Your reply should consist of the entries, copied exactly and stripped of images.

[Short text fragments from websites]
· · · ·
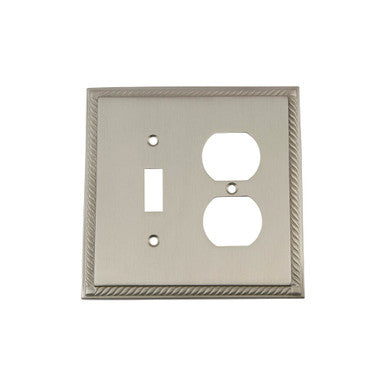 Nostalgic 720043: Rope Single Toggle/Single Duplex Combination Switchplate - Satin Nickel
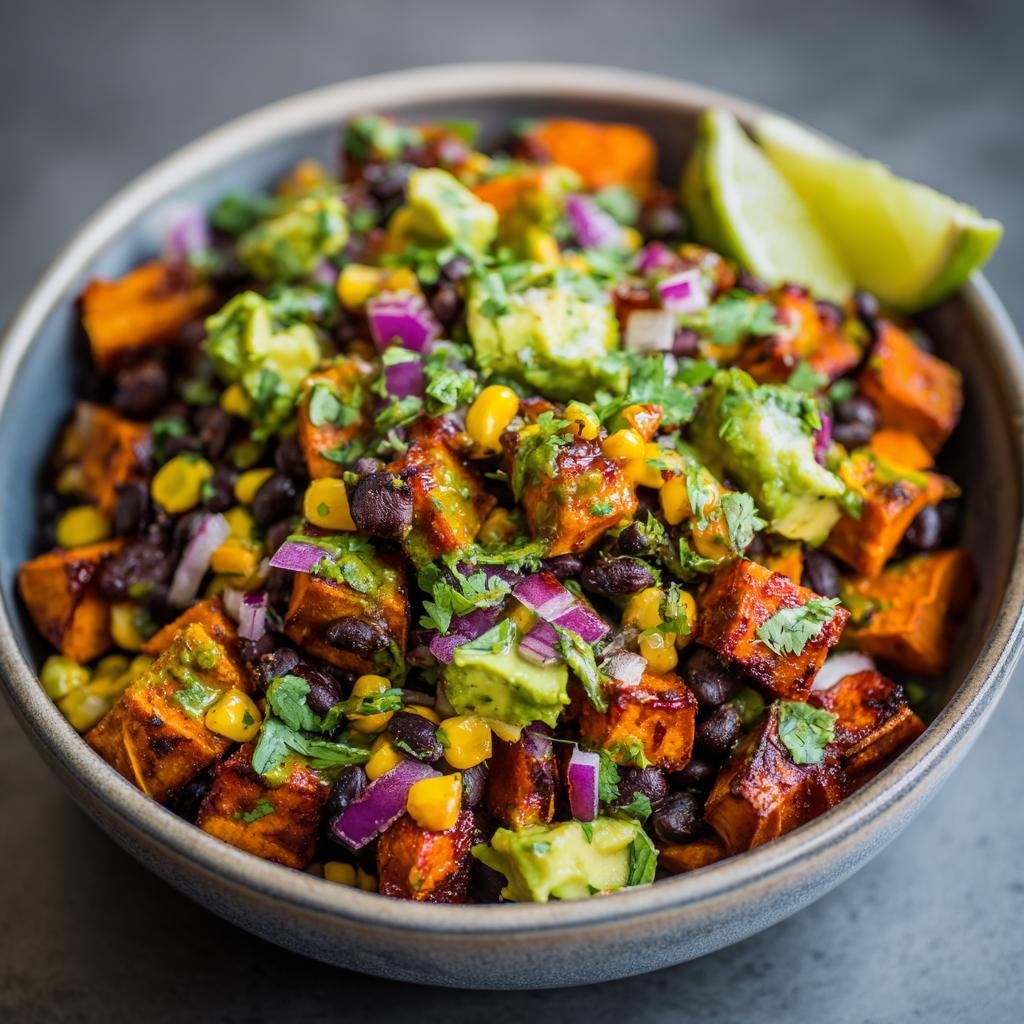 Close-up of Sweet Potato Bowls with roasted sweet potatoes, black beans, corn, avocado, red onion, and a lime wedge.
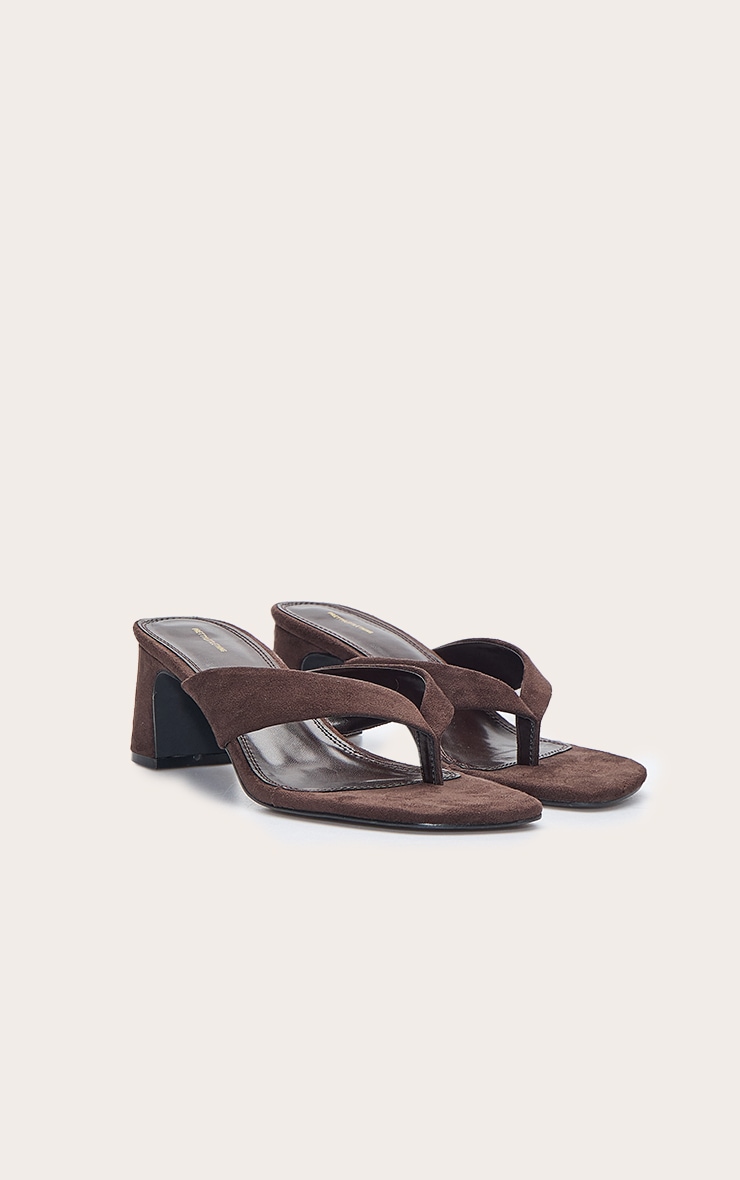 Chocolate Faux Suede Low Block Heel Toe Thong Mules image 3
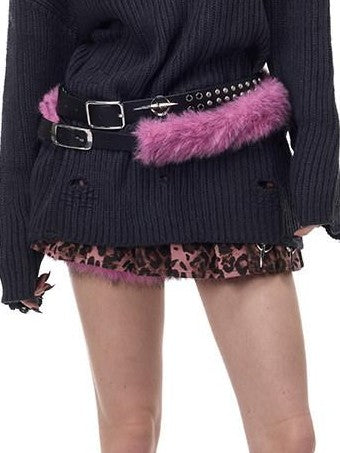 PINKSPINK Fuzzy Distressed Oversized Street Women's Acrylic Blend Turtleneck Sweaters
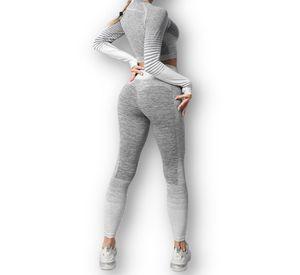 Conjunto Fitness Blanco Gimnasio 2 Piezas Manga Larga Sin Costuras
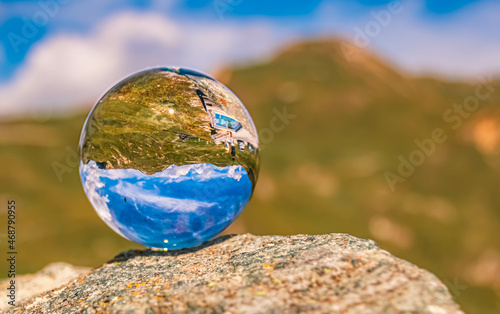 Crystal ball alpine landscape shot at the famous Grossglockner high Alpine road  Salzburg  Austria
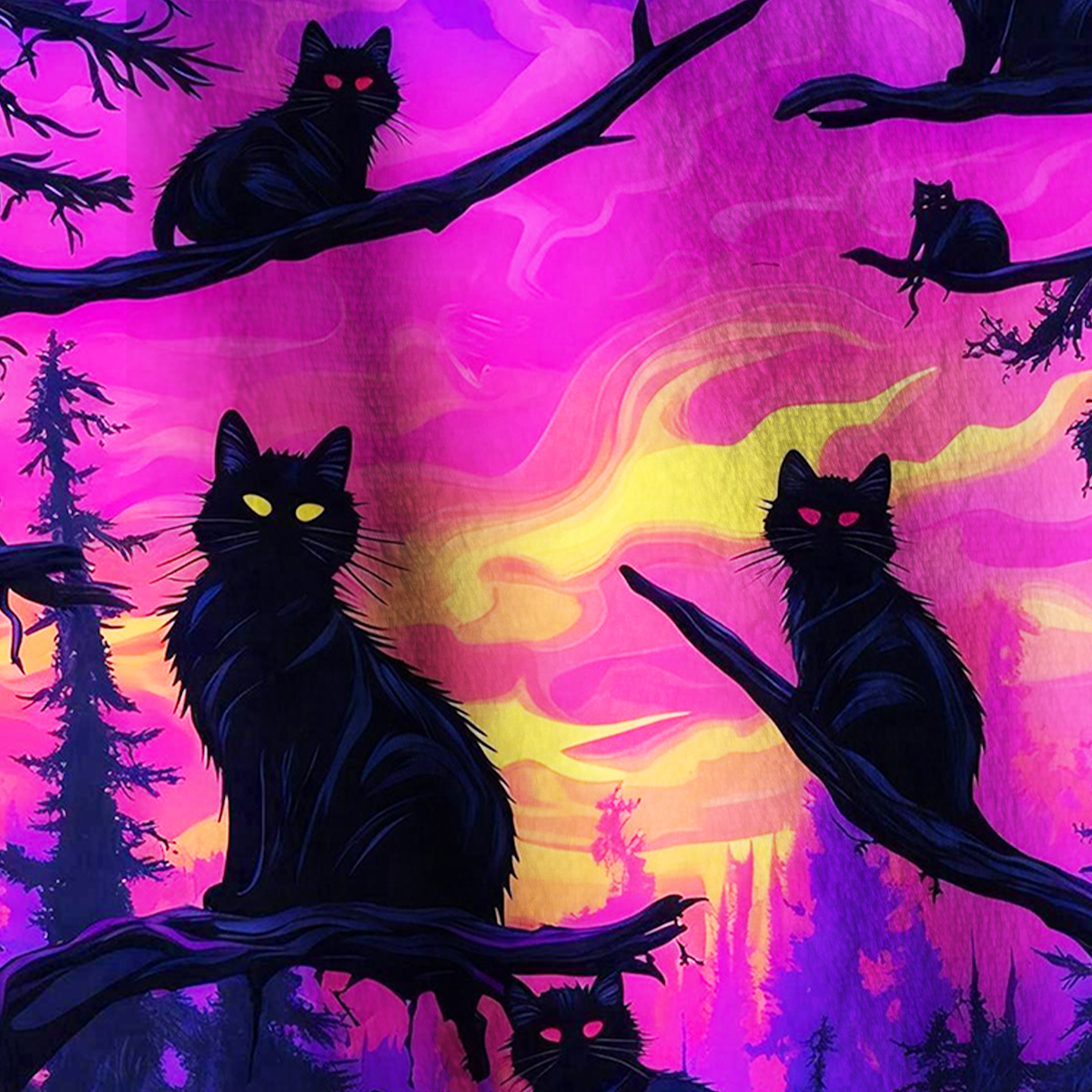 Purplehecate Twilight Forest Guardian Cat Full Zip Fleece Jacket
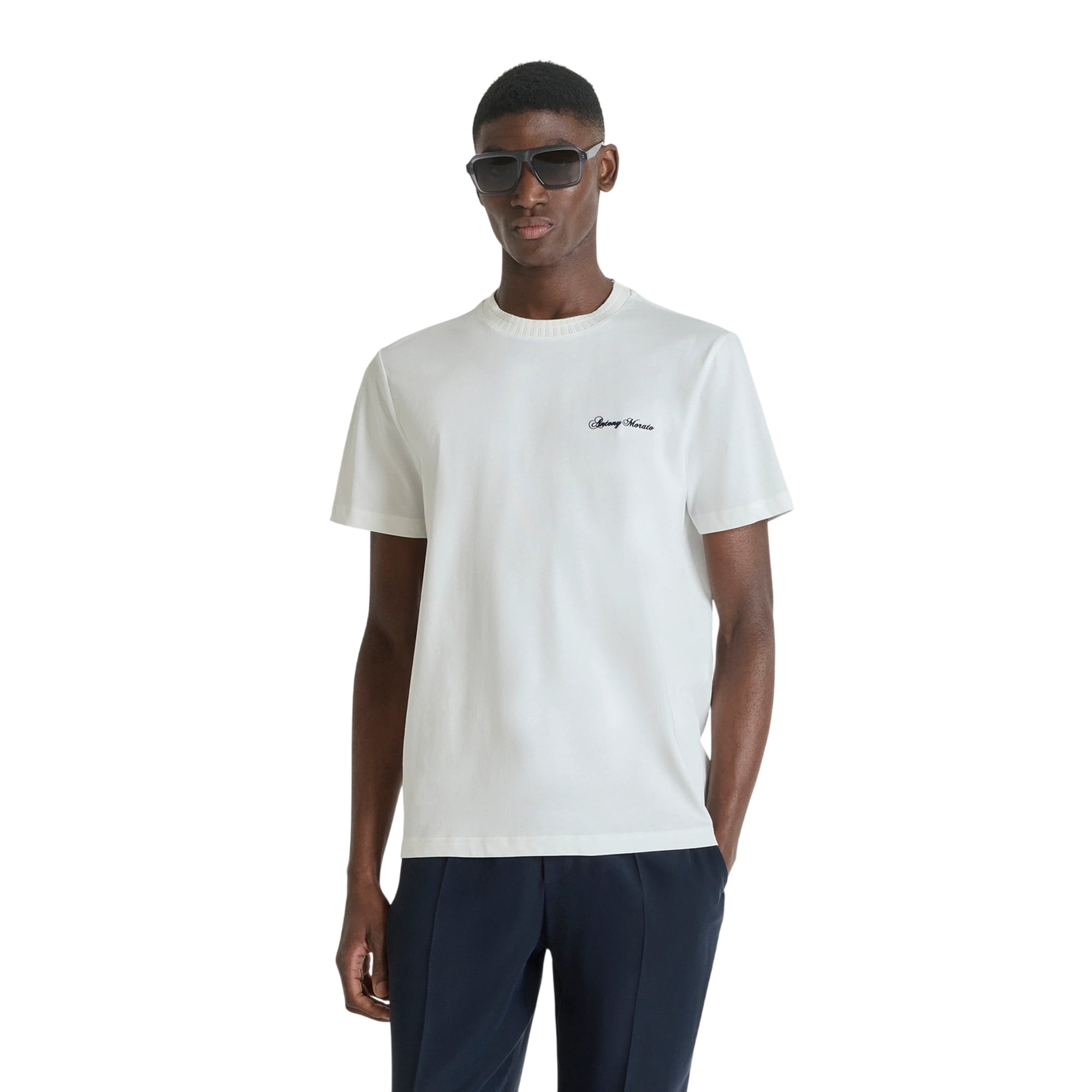 T-shirt Uomo in cotone Bianco, con ricamo logo sul petto
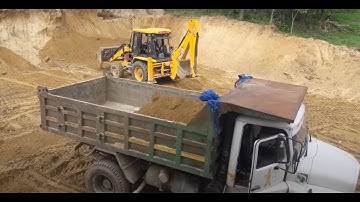 JCB Cutting Soil - JCB Backhoe 3DX Loading Soil IN Tipper Dump Video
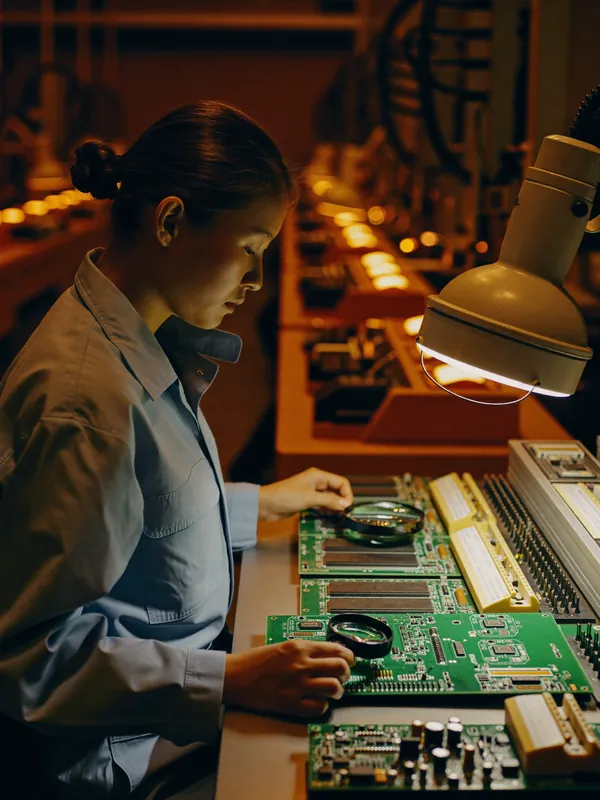 AI concept image: a technician inspecting a circuit board under a magnifier lamp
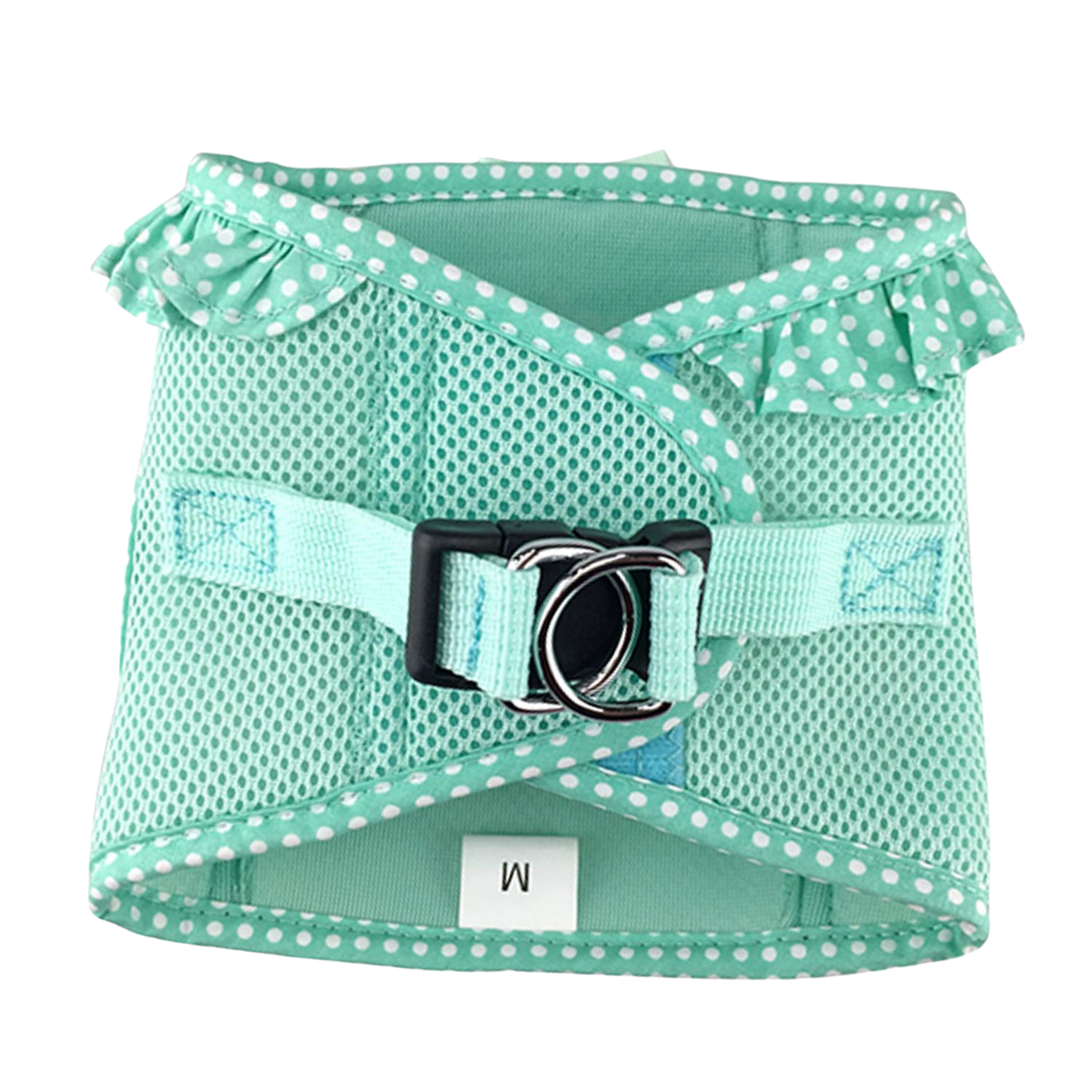 Mint green dog harness with white polka dots on a white background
· · · ·
- _Response for this exercise_:
 Nostalgic 720043: Rope Single Toggle/Single Duplex Combination Switchplate - Satin Nickel
 Close-up of Sweet Potato Bowls with roasted sweet potatoes, black beans, corn, avocado, red onion, and a lime wedge.
 Chocolate Faux Suede Low Block Heel Toe Thong Mules image 3
 PINKSPINK Fuzzy Distressed Oversized Street Women's Acrylic Blend Turtleneck Sweaters
 Conjunto Fitness Blanco Gimnasio 2 Piezas Manga Larga Sin Costuras
 Crystal ball alpine landscape shot at the famous Grossglockner high Alpine road  Salzburg  Austria
 Purplehecate Twilight Forest Guardian Cat Full Zip Fleece Jacket
 T-shirt Uomo in cotone Bianco, con ricamo logo sul petto
 JCB Cutting Soil - JCB Backhoe 3DX Loading Soil IN Tipper Dump Video
 AI concept image: a technician inspecting a circuit board under a magnifier lamp
 Mint green dog harness with white polka dots on a white background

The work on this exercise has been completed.